╔══

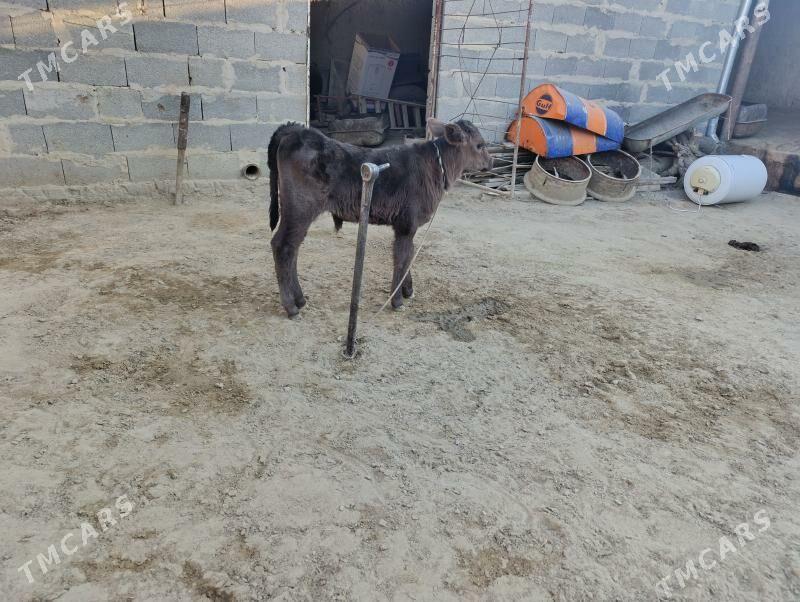 gololi sygyr - Бахарден - img 4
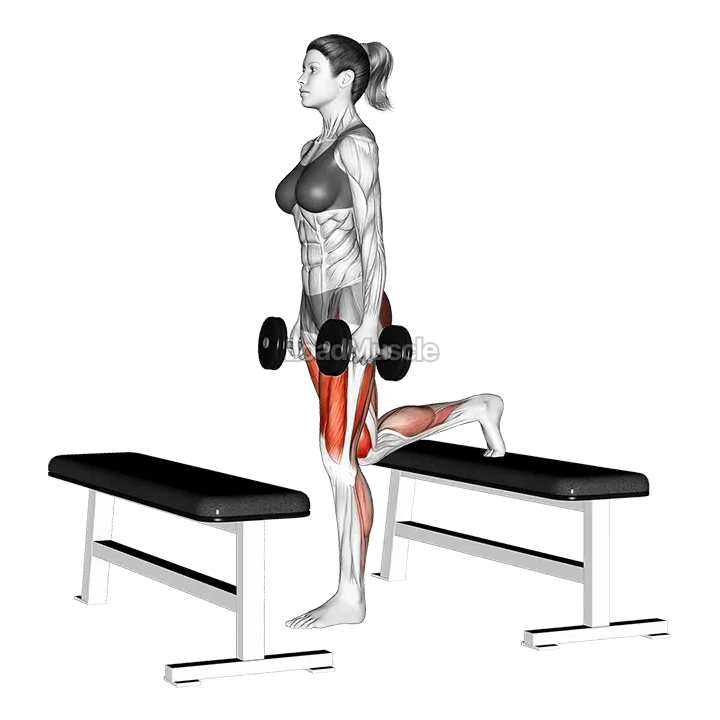 Dumbbell Step up Lunge demonstration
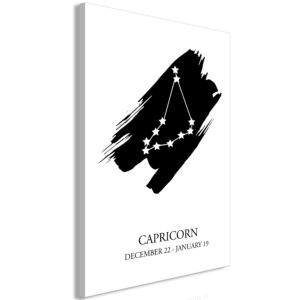 Tableau décoratif : Zodiac Signs: Capricorn (1 Part) Vertical en hq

╚══

[The task]
Set the preceding data down again word for word, omitting images.

[Task answer]
 gololi sygyr - Бахарден - img 4
 Dumbbell Step up Lunge demonstration
 Tableau décoratif : Zodiac Signs: Capricorn (1 Part) Vertical en hq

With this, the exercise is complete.